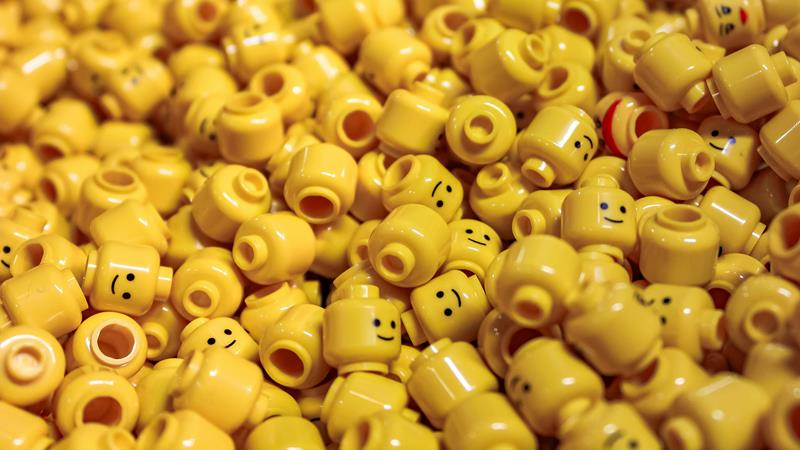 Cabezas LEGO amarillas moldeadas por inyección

# # # # # # #

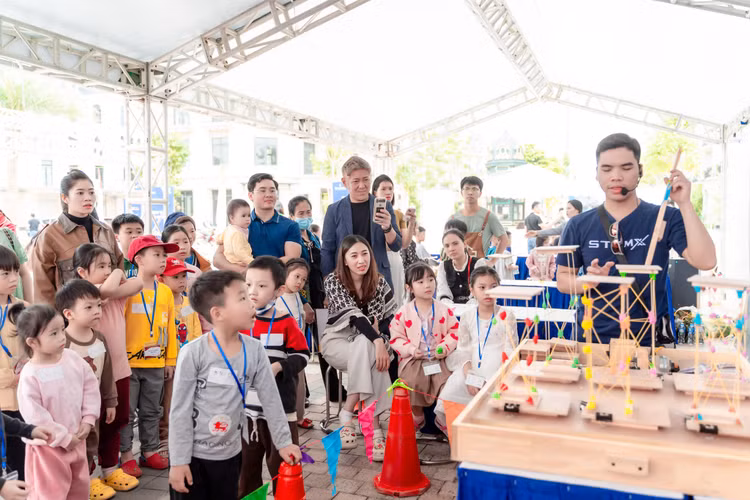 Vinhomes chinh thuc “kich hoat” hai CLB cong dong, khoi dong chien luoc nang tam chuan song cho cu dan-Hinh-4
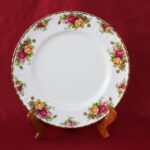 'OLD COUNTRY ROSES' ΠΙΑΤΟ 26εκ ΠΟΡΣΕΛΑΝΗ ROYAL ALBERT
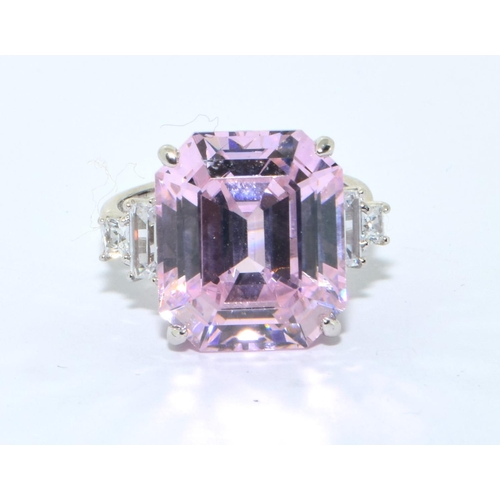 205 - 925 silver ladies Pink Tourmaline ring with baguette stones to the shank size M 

# # # # # # #

◆ PROBLEM TO SOLVE: Reproduce, exactly and only, the lines of the records above starting at the line with "ΠΟΡΣΕΛΑΝΗ ROYAL ALBERT" and ending at the line with "205 - 925 silver", both included. Leave every picture out.

◆ TASK RESULT:
 'OLD COUNTRY ROSES' ΠΙΑΤΟ 26εκ ΠΟΡΣΕΛΑΝΗ ROYAL ALBERT
 205 - 925 silver ladies Pink Tourmaline ring with baguette stones to the shank size M 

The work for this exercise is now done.